Taken together, the results of this study are promising for clinical application of gait analysis. We demonstrated that assessing gait in patients with AS using foot-worn inertial sensors is feasible in clinical settings. Spatiotemporal gait parameters (such as stride length or cadence) are the most used parameters in clinical gait analysis and are easy to understand by both clinicians [23] and patients. IMUs, by allowing rapid and easy-to-perform computation of spatiotemporal gait parameters at a low cost and without limitation of the testing environment, are gaining interests for clinicians [23,61]. The 10MWT used in this study is also routinely used by physiotherapists or medical doctors to evaluate gait in clinical and rehabilitation settings.

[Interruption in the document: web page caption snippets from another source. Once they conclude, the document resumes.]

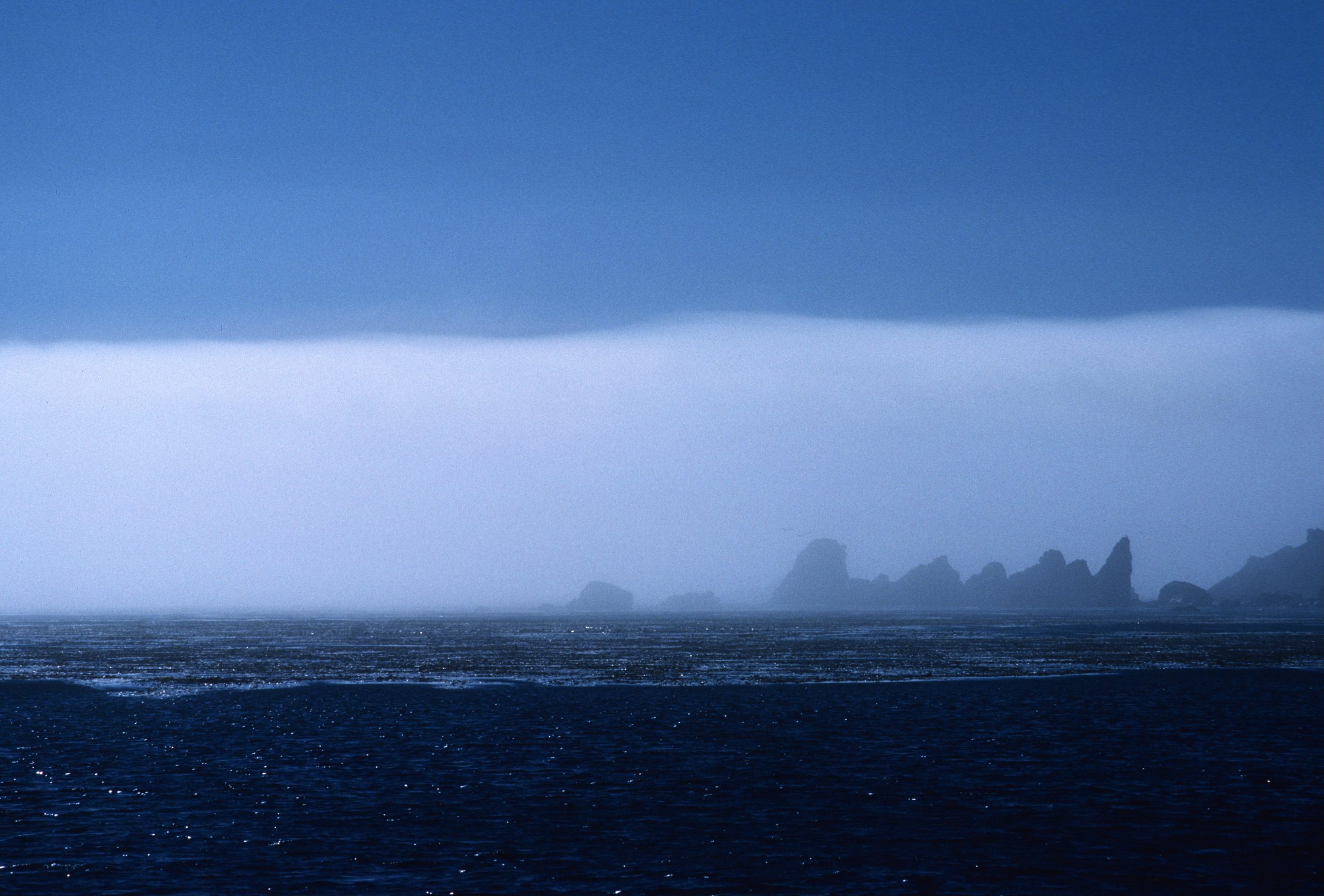 Sailing North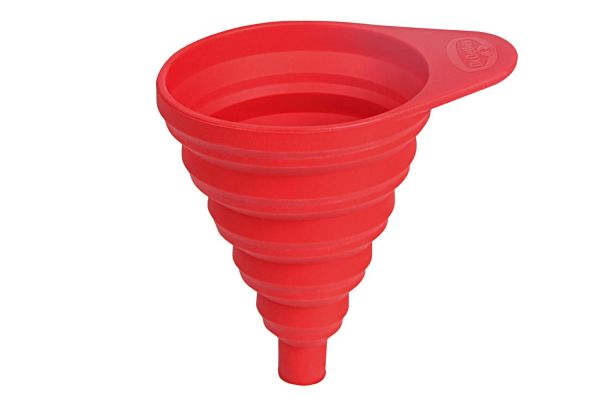 Dr. Oetker Silikontrichter Flexxibel klein Ø 8 cm oben und Ø 1 cm unten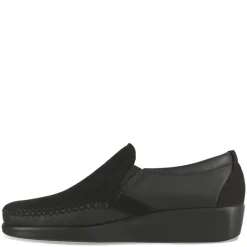 SAS Slip-On Shoes|Women's , Dream Slip-On Charcoal/Black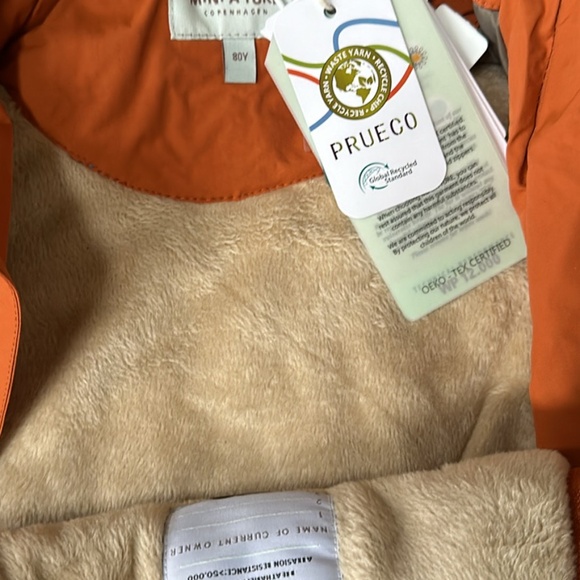 Mini A Ture Kids Snowsuit - Picture 4 of 5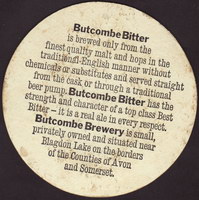 Beer coaster butcombe-3-zadek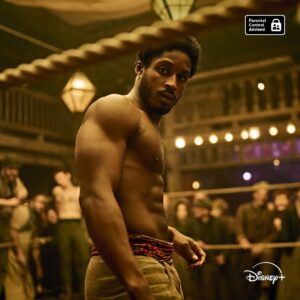 Erin Doherty Instagram - All-female gang ✅ Underground boxing ✅ Inspired by real people ✅ Drama & Romance ✅

A Thousand Blows, a new Original series streaming Feb 21 exclusively on Disney  .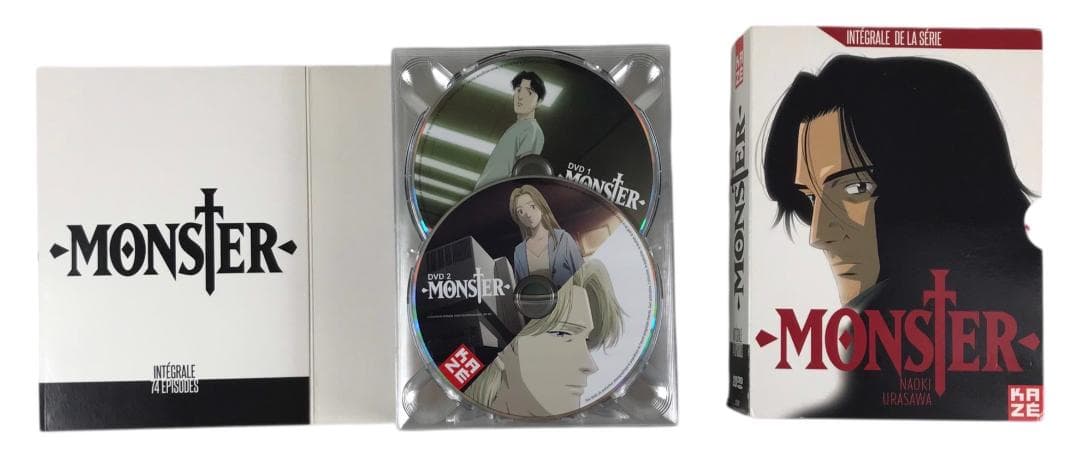 ★良品★フランス語版 モンスター コンプリート DVD-BOX 浦沢直樹 アニメ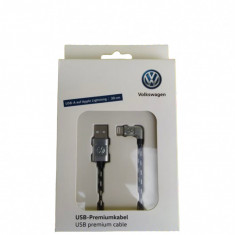 Cablu date / încărcare usb - Mufa iPhone original Vw Volkswagen auto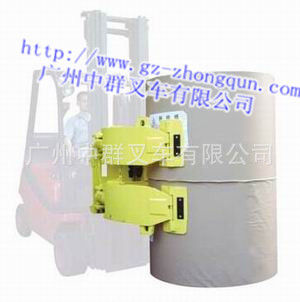 油桶夹叉车分离夹臂式纸卷夹夹具堆高抱桶器重型鹰嘴油桶夹卸桶器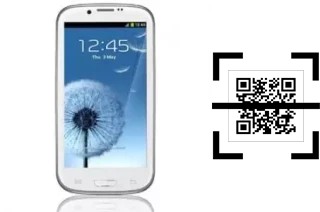 Wie lese ich QR-Codes auf einem Sowa S6600?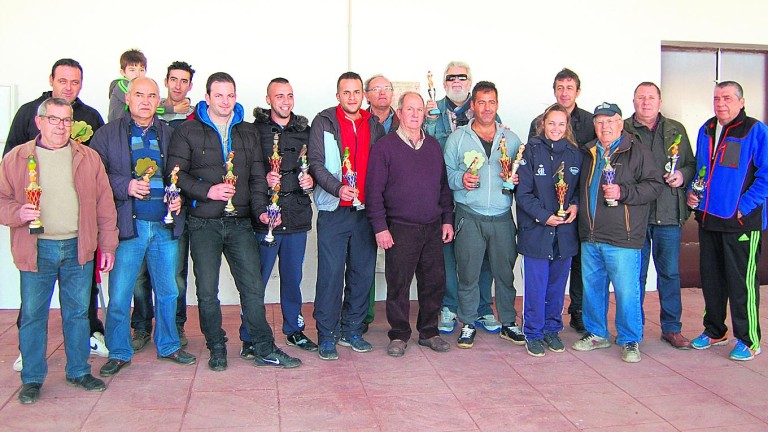 Concurso de pájaros en Los Villares
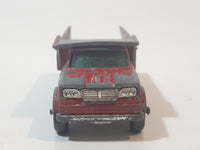 Vintage Lesney Matchbox Series No. 48 Dumper Truck Red Die Cast Toy Car Vehicle
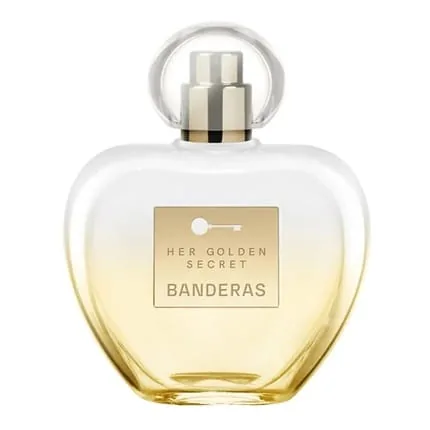 Antonio Banderas Her Golden Secret Eau De Toilette Spray 80ml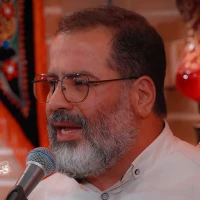 نور چشم حیدری یا امام عسکری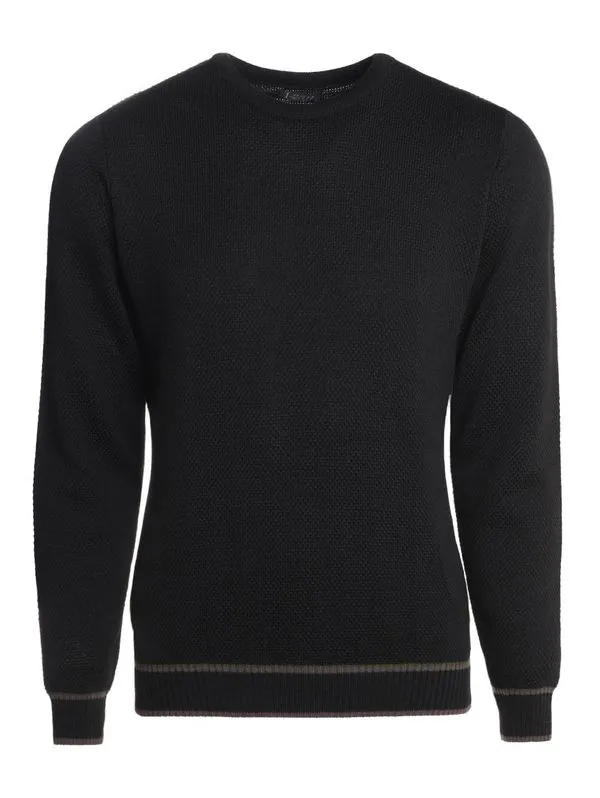 Blusão Tricot Masculino PRETO GG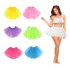 Saia Tule Tutu Festa Carnaval 40 Cm Várias Cores 1 Unidade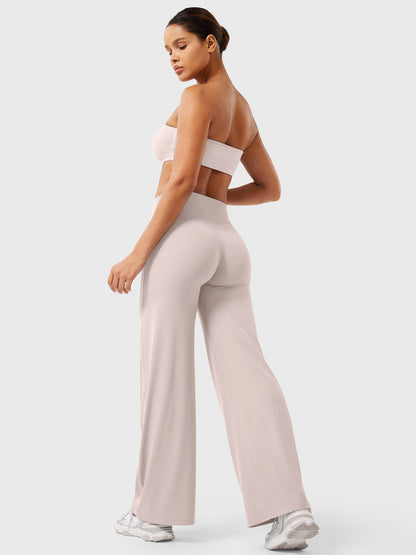 Vaeryn High Waist Flare Leggings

In addition to the time taken to complete this test [62,63], foot-worn inertial sensors enabled the quantitative gait patterns analysis of patients with axSpa with the computation of spatiotemporal gait parameters that were presented in an intuitive and comprehensible manner. We believe that integrating quantitative gait analysis with wearable IMU systems for clinical assessments could be advantageous for clinicians to better understand movement-related disorders for better functional diagnosis, guidance of treatment planning, monitoring of disease progress, and tracking of recovery [64]. In the near future, we can expect that mobile phone–based gait assessment apps will be used to monitor gait in daily life [65] and permit clinicians to remotely monitor patients’ conditions [66,67].

Limitations

Some limitations of the study should be acknowledged. First, patients included in the study were aged between 18 and 65 years with a pathology evolving with age and an increase of stiffness and limitations. Assessments of older patients could be interesting to capture gait alterations associated with disease evolution. Second, although self-reported pain intensity measured at time of assessment was significantly higher in patients with axSpA than healthy controls, levels of pain were quite low (3.12 [SD 2.38]). Patients included in this study were stable (ie, with stable treatment for at least 3 months at time of inclusion) and may not represent the whole population of patients with axSpA [68]. Further studies are thus necessary to explore gait in the broad disease of axSpA. Patient-reported pain intensity is commonly measured with the single VAS. However, VAS alone may not capture all features of pain [69,70] and may be not sufficient to assess pain in patients with axSpA [71]. Finally, additional research is required to determine whether factors other than pain may influence gait in patients with axSpA.

Conclusions

To our knowledge, this is the first study comparing spatiotemporal gait parameters in a broad range of patients with axSpA and matched healthy individuals. Our results provide a comprehensive overview of the alterations of gait in patients with axSpA with reduced speed, cadence, stride length, and swing time and increased double support and stance. When all these changes in spatiotemporal gait parameters are taken together and looked into as a whole, it is possible to consider that patients with axSpA adopt a so-called cautious gait pattern. It is the first study to include pain intensity as a covariate to explain spatiotemporal gait parameters in patients with AS or axSpA. Although not a definitive finding, our results suggest that among factors that may influence gait in patients with axSpA, patient self-reported pain intensity could play a role and hence should be addressed when assessing gait in this population.